1 week before to leave definitively China, and to start a new life, a new adventure, with my family in France.

10 days ago I restore better communication with my wife. I communicate more formally about my emotional balance. I am satisfied to see that balance has been restored by this way.

My involvement in recovery lesson has decreased, I work in parallel to the last lesson of recovery and the lesson 3 of couple. Not always easy, but helpful to move on, to develop better understanding. But concept are still difficult to catch practically.

I wanted to do a little post about a source of stress.

I accepted the invitation for a leaving party from friends that will take place tomorrow night. I fear this event (I never behave healthily in such event) and I think it is an opportunity too (it could bring a lot of achievement to manage in a healthy way this party).

I prepared this event. I shared a lot with my wife.

> this party is an opportunity to confirm friendship with few people
> this party is an opportunity to learn and observe other men's behaviors, using my value system

> risk is about alcohol
> risk is about proposition to act in a way against my values or boundaries

I fixed my self clear boundaries about this party. For spontaneous triggers I have vision to switch (healthy event planned the next morning, image about my children and my wife).
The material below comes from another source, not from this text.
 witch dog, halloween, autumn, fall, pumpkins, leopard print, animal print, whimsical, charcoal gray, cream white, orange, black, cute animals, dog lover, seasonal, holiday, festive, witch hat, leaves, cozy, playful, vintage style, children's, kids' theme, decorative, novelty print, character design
I choosed someone to become my witness. One guy I really trust and I know he will have a very controlled alchohol consumption.
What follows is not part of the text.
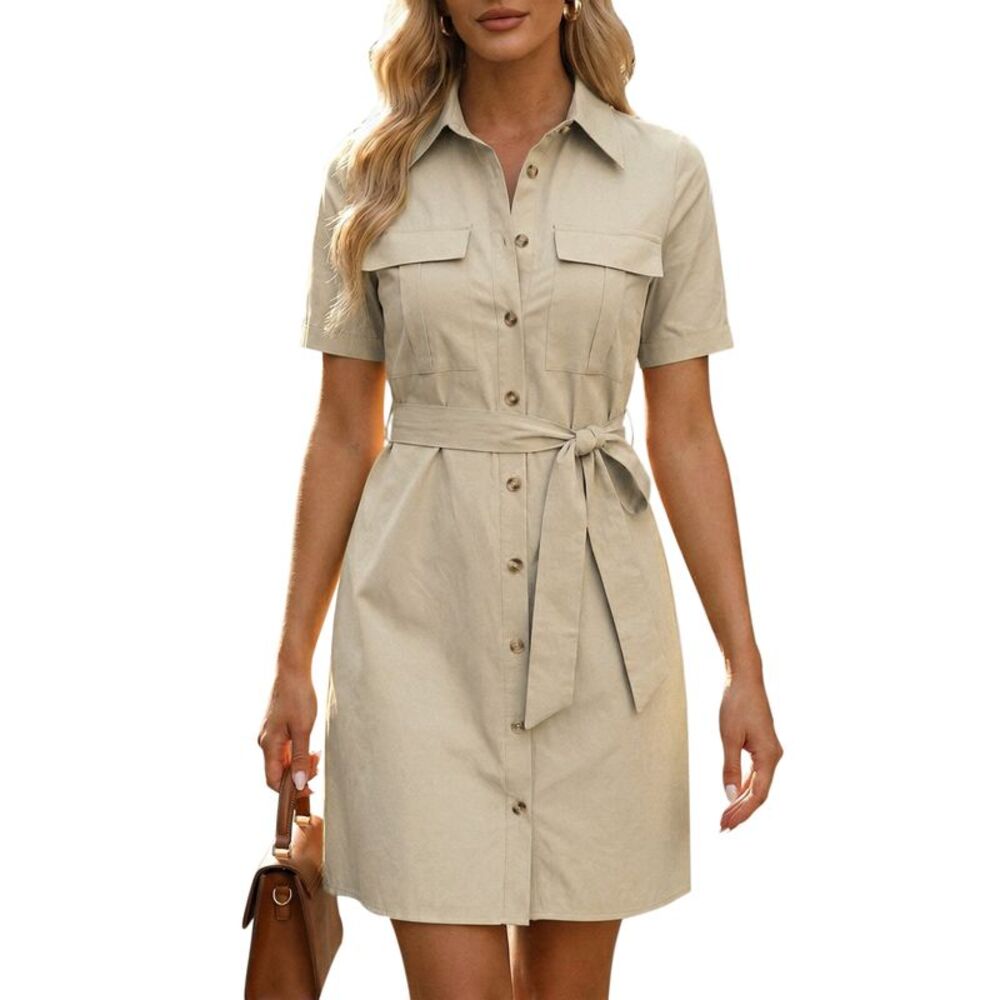 Safari Dress Collared Button Down Cotton Belted Shirtdress Beige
I will see my witness before the party. I ask him to meet before and I will explain me my alchoholic problem and my boundaries for this party.
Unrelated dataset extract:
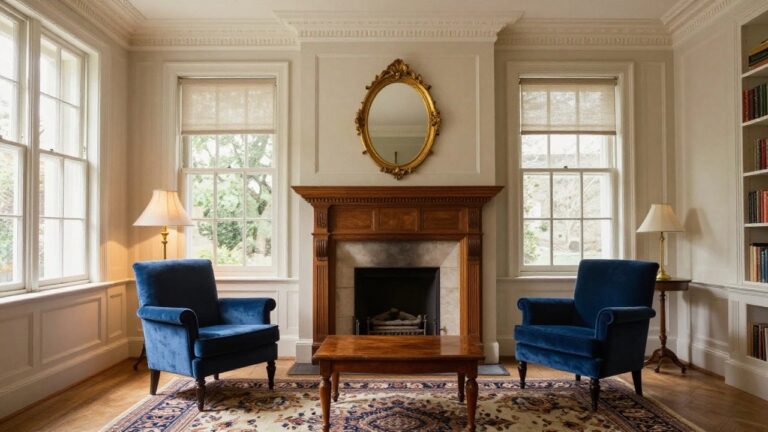 A Georgian-style living room with white paneling, a fireplace under a gold-framed oval mirror, matching blue velvet armchairs flanking a low wooden coffee table on a patterned rug, bookshelves beside tall windows, and table lamps on the mantel.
I will just ask him, if he has the perception that I am going out of my boundaries, to ask me "how do you feel?".

Of course this is not very mature attitude from me, but I do not feel so comfortable in men's group, and I will feel better to have share my problem with someone I trust. Moreover it is a way to say my friendship to this person.

Tomorrow is an important event for me. A part of me still see this event as "all or nothing", and I must confess this is maybe why I prepared this event. But I will be proud to contribute to my perception change tomorrow and by the way to improve my life management.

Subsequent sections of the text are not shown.